Things have been going steady the past week and changes are coming less frequently. We are now increasing time between maintenance periods on klone from weekly on Tuesdays to monthly and aligning it with the mox maintenance as the 2nd Tuesday of every month.

That wraps up our klone soft launch blog updates here, other updates will appear on our HYAK users mailing list. Don't forget to subscribe, instructions on this page at the bottom.

Hello world!

Nam Pho

Nam Pho

Director for Research Computing

tl;dr (1) decomissioned a cluster, (2) got a bunch of GPUs for maching learning, (3) launched a cluster, and (4) new and improved documentation.

2020 has definitely been an eventful year but here on Team Hyak we've been trying to make the best of a bad situation (lemons out of lemonade and such).

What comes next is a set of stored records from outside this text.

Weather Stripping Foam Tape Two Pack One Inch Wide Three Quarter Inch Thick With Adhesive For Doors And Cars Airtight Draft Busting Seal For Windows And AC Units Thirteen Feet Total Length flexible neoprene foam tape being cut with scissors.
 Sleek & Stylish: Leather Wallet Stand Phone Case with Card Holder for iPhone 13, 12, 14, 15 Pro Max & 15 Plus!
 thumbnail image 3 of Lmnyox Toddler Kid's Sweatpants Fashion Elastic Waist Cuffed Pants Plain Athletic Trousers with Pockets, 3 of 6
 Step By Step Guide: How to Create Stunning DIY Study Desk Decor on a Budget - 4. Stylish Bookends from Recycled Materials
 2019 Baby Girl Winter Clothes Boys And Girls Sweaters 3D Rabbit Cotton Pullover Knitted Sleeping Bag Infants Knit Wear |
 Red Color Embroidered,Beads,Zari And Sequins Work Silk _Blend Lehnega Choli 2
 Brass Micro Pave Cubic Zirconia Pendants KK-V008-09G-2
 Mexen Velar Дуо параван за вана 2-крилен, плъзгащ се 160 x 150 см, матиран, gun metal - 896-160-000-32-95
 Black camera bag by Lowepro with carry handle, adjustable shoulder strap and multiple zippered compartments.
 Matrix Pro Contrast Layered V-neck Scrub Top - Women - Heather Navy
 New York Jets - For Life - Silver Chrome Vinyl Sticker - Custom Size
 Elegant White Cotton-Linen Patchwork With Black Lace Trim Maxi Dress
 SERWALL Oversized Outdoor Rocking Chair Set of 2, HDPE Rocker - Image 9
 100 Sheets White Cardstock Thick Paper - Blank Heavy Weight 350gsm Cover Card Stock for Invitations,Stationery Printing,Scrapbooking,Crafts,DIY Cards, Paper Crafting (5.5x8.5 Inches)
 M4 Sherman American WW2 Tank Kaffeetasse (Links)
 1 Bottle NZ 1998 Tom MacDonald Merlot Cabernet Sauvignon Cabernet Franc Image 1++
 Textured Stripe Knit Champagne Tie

This year saw the decomissioning of the 1st generation Hyak cluster, ikt, and the soft launch of our 3rd generation Hyak cluster, klone. Our partnership with the Allen School and other departments across campus has enabled an explosion in on-campus GPU capacity for the current 2nd generation Hyak cluster, mox. This is all very exciting, machine learning is only going to get bigger. We realize whether you do your research on your laptop, Hyak, or the cloud that at the end of the day it's all just a computer and what matters is what you can actually do with it. Therefore, we are placing more emphasis on new and improved documentation (this website) and will be doing more regular research tutorials on Hyak throughout the coming year.

We hope you have weathered the adversity 2020 brought upon everyone. It has been a tough year for sure, but may your 2021 be brighter and have improvements in store. The Hyak Team has lots of efforts in the works to benefit supporting your research and they will hit full stride in the coming year. This is one improvement we can all look forward to in 2021.